Нет, было бы вполне нормально, если бы "нормальный" человек как-нибудь впал в оторопь, только лишь поглядев на тридцать томов, не умещающихся на одной полке. Как можно столько понаписать было? Без компьютера и не шариковой ручкой даже – пером, которое окунают в чернильницу?! Это ж надо было всю жизнь, поди, сидеть в кабинете, писать и писать, жизни не видя? Да было ли у него в жизни что-нибудь, кроме этого неустанного сочинительства?

Если мы говорим о Достоевском (а мы говорим о нем), то тут нам надо подивиться другому: как это при такой бурной жизни вообще оставалось место писательству?

Есть такая достаточно редкая категория творческих людей, сознательно создающих свою жизнь как художественное произведение (скажем, к ним относился поэт Байрон). Достоевский не был художником жизни, о красоте своей биографии не заботился, специально приключений не искал, не позволял себе красивых жестов, обязанных запомниться потомкам, он просто жил, но вся жизнь его состоит из таких ярких и выразительных эпизодов, что может показаться, будто она кем-то выдумана, изобретена – слишком уж много событий на долю одного человека.

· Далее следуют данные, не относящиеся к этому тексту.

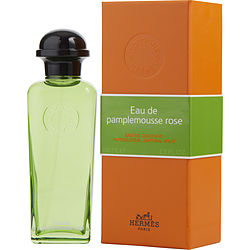 Eau De Pamplemousse Rose Eau De Pamplemousse Rose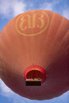BOB_2019_00253.jpg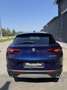 Alfa Romeo Stelvio 2.2 t Q4 210cv auto GARANZIA 12 MESI - thumbnail 5
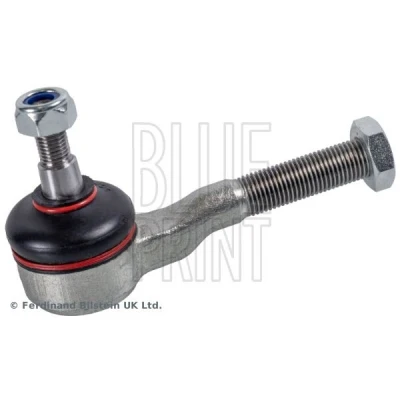 Bild av BLUE PRINT ADC48706 Rotule de direction Essieu avant gauche, extérieur, droit avec contre écrou MITSUBISHI: L200 II Pick up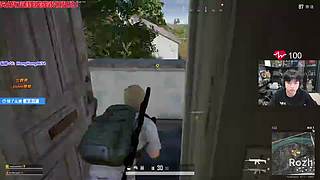 轰轰：每天下午两点不见不散！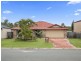 38 Sheffield Circuit, Pacific Pines QLD 4211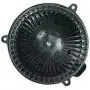 SHOWSEN PM9240 HVAC AC Heater Blower Motor W/Fan Cage Fit 05-15 Armada 04-15 Titan 04-10 Infiniti QX56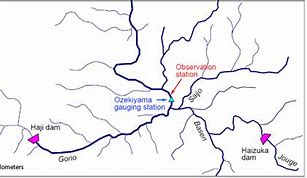 Image result for Vigoro River Location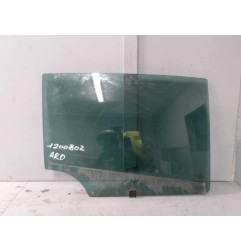Vitre arriere droit PEUGEOT 3008 1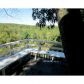 185 River North Drive, Atlanta, GA 30328 ID:10881956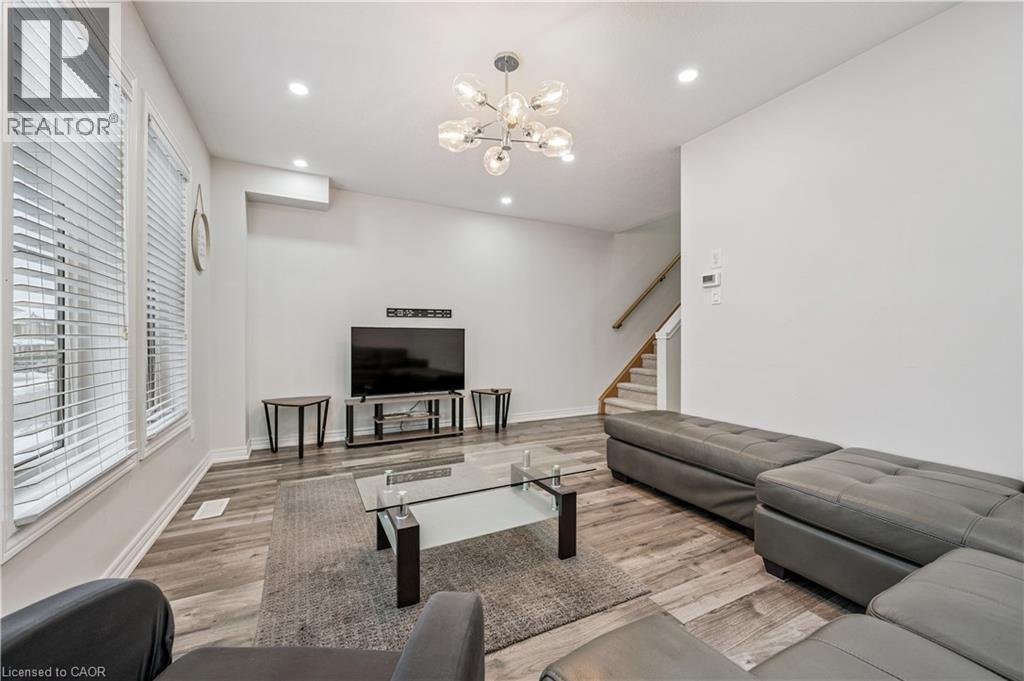 390 Linden Drive, Cambridge, Ontario  N3H 0C6 - Photo 10 - 40793448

Если представить невозможное – конкурс писателей всех времен и народов на самый крутой эпизод в биографии, пожалуй, Достоевскому равных не будет. И не обязательно писателей представлять – да хоть любого возьмем: в самом деле, выслушать на морозе – с барабанной дробью – смертный себе приговор и в белой длинной рубашке-саване мысленно попрощаться с жизнью, такое не со всяким случается.